Your assignment: All lines from the one containing "JK Top quality" through the end of the data below are to be repeated exactly, with pictures left out.

Data excerpts:
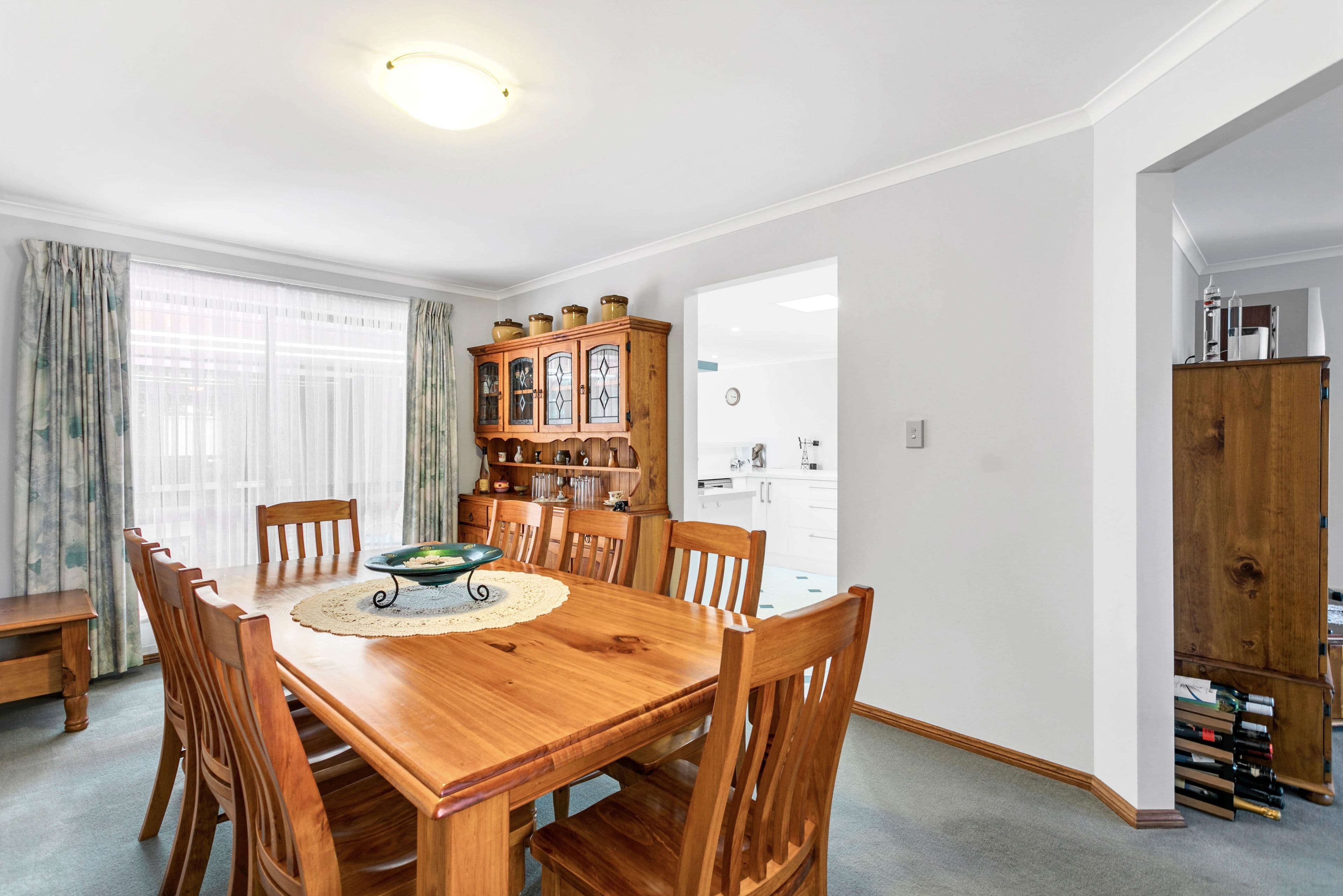 8 Blackwell Court, Mount Barker SA 5251, Mount Barker - Thumbnail 5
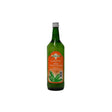 Samra Orange Blossom Water 1L - 24shopping.shop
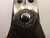 AMP 91117-2-00030003 CLINCHING RIVET TOOL T40490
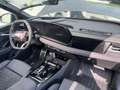 Audi Q6 e-tron Q6 e-Tron 100 kWh 55 Quattro S line ACCIDENTEE Zwart - thumbnail 8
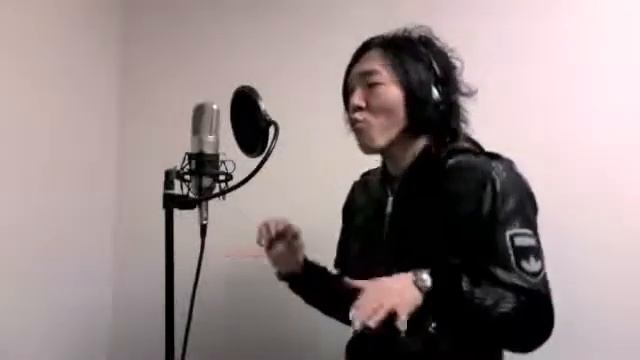 Самый лучший в мире БИТБОКС | BEATBOX | #1 смотреть онлайн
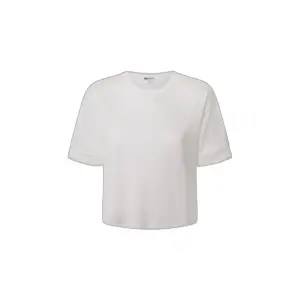T-shirt de mulher Pepe Jeans Marian image-0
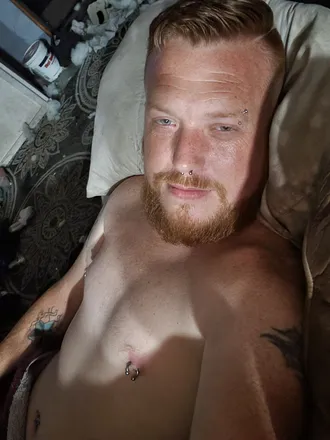 OnlyFans cuenta soulessredpanda header 2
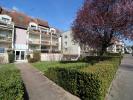 For rent Apartment Strasbourg  103 m2 5 pieces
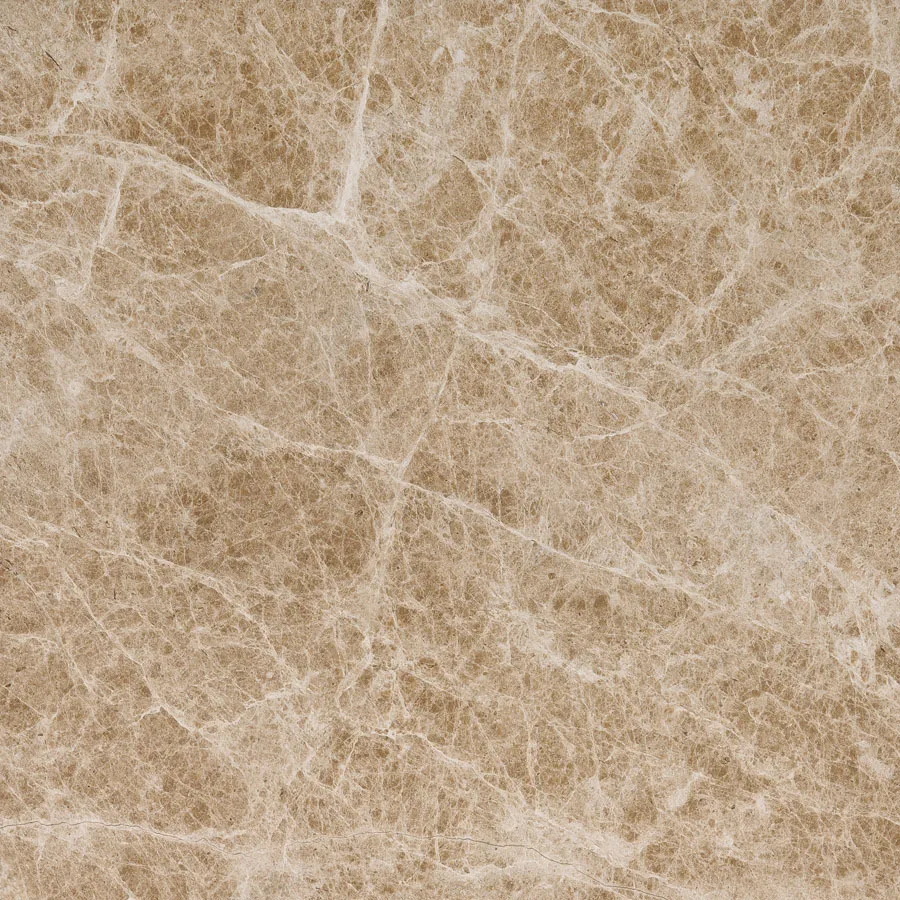 JK Top quality Beida Block polished green granite price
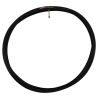 Pneu Route Enfant Kenda Kontender 26x1" (25-559) - Noir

Response:
 JK Top quality Beida Block polished green granite price
 Pneu Route Enfant Kenda Kontender 26x1" (25-559) - Noir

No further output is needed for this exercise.